On hour nine of no-signal, I suddenly remembered I had something to do that evening. The undergraduates in Maseeh were going to see the Nutcracker. I was lucky enough to grab one of the free tickets for GRAs to come along. I turned off everything in lab and set my sights homeward to get ready.
I felt a pang of guilt as soon as I left the lab. Why couldn’t I just be more efficient? I berated myself when I realized I’d have nothing to show at group meeting the next day. Again.
I stayed trapped in this headspace as I slipped into my velvet skirt and heels. I hardly could appreciate the fact it was my first time getting dressed up in months, and I nearly forgot where I was going as I sat on the T and walked through the chilly, downtown-Boston evening with my fellow GRAs.
Just as I convinced myself that my experiment would never work, I stepped into the Boston Opera House. My mind went blank and then reset itself, overwhelmed with the sensory input.
The smell of Christmas trees and the bustling crowd instantly transported me back to my childhood. I spent ten years growing up with nothing in my life but school and dance. Many of those years included performances in the Nutcracker. As playful dance memories took control of my mind, lab ceased to exist.
Now in an entirely different world, I and my GRA friends wandered around the historic and opulent opera house taking pictures until the dimming lights ushered us to our seats. With a ten-dollar glass of champagne in my hand, I settled into the velvet chair and tried to prepare myself for the incoming rush of nostalgia.
As soon as the orchestra began playing the first few of Tchaikovsky’s notes, a small sob grew in my throat.
So silly!
I chuckled at how easily affected I was, but then embraced the feelings, leaning as far forward as my mezzanine seat would allow. As the party scene introduced my favorite character, Uncle Drosselmeier, I used my small opera glasses to discover the details of his magic tricks and crowd-pleasing.
The story continued in all the ways I remembered from when I was a kid. I held myself together until the Sugar Plum Fairy and the Nutcracker danced their pas de deux, or step for two. Something about the depth of music and passionate control in the Sugar Plum Fairy’s movements made me feel like anything in the world was possible. I felt invincible.

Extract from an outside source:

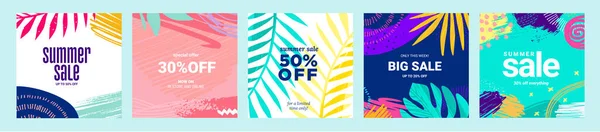 Sociala Medier Sommar Försäljning Banner Design Vektor Illustrationer För Shopping — Stock vektor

Later that evening, when I returned to Maseeh, I could not get the romantic pas de deux out of my mind. I played it on loop as I got ready for bed.
Why did I stop taking ballet classes?
This was a rhetorical question, I knew. The culture of ballet is highly toxic for young women. In middle school, I moved on to sports that cared less about body shape. Even so, I missed the intricacy of the art form and the athleticism required to pull off the simplest of movements.

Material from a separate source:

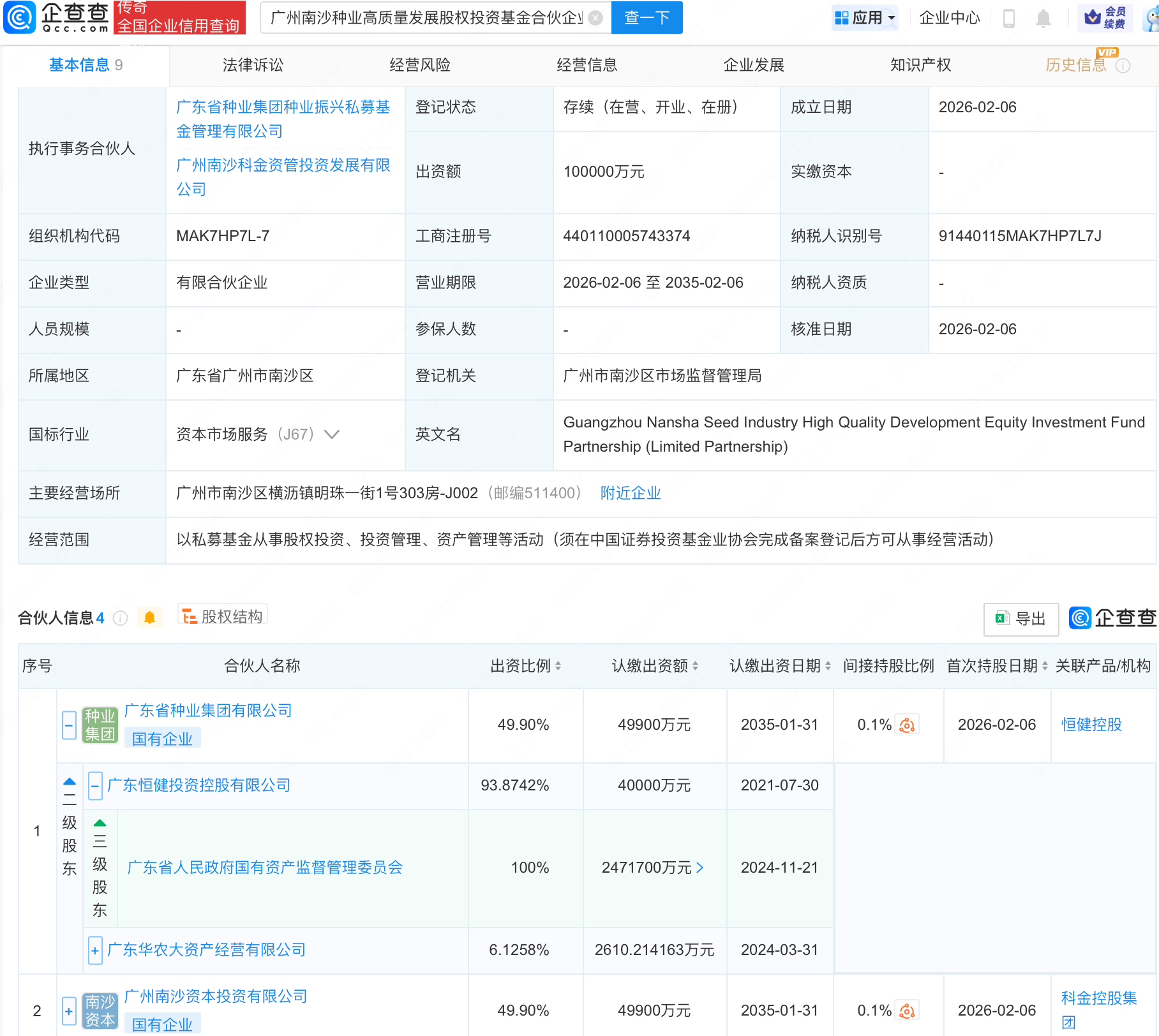 广东国资等成立种业高质量发展股权投资基金，出资额10亿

After listening to the pas de deux fifteen times that night, I looked up local ballet studios and emailed one of the instructors at Dance Complex in Central Square.

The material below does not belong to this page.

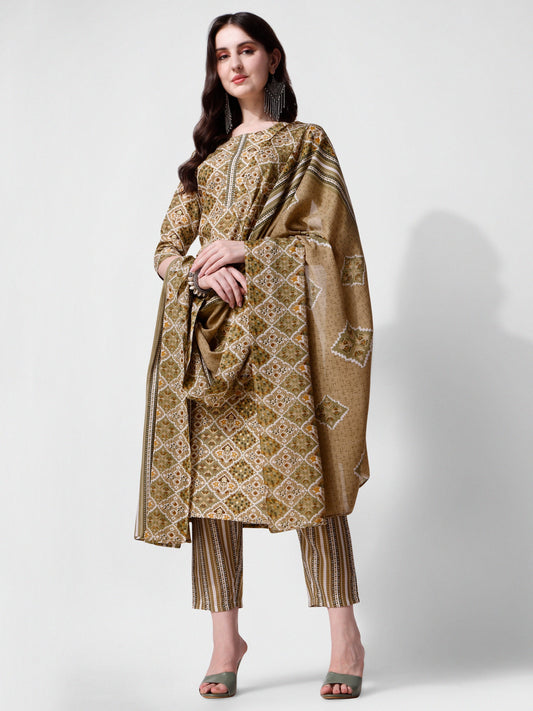 Printed Green Kurta Pant & Dupatta Set, Multicolor - Hiral Fashion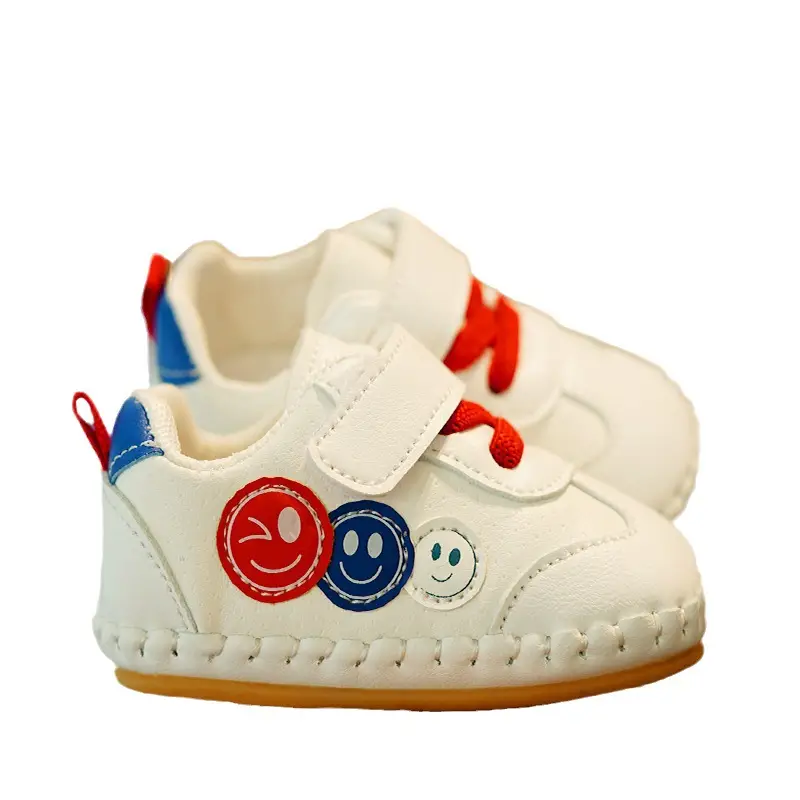 Toddler Shoes White Smiley Non-Slip 0-1Yr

It’s been ten years since I’ve taken a ballet class—could I drop-in and see how it goes?
Fast forward to the following Saturday, and I’m at the barre in tights and ballet shoes, forcing my body through motions it hasn’t encountered since I was fourteen. I manage to make it through the barre work knowing the names of the movements and the typical patterns. In the centre, however, we quickly move on to fast combinations of leaps and spins I had never heard of.
At the end of the hour and a half class, I’m drenched in sweat, sore from head-to-toe, and smiling.
Although my body control was nowhere near the Sugar Plum Fairy’s, I felt powerful and graceful again. The romance and nostalgia might just be enough to get me working out more regularly in grad school. Like the Nutcracker, the class made me hopeful that anything was possible. Maybe it would even be possible to recover my signal in lab.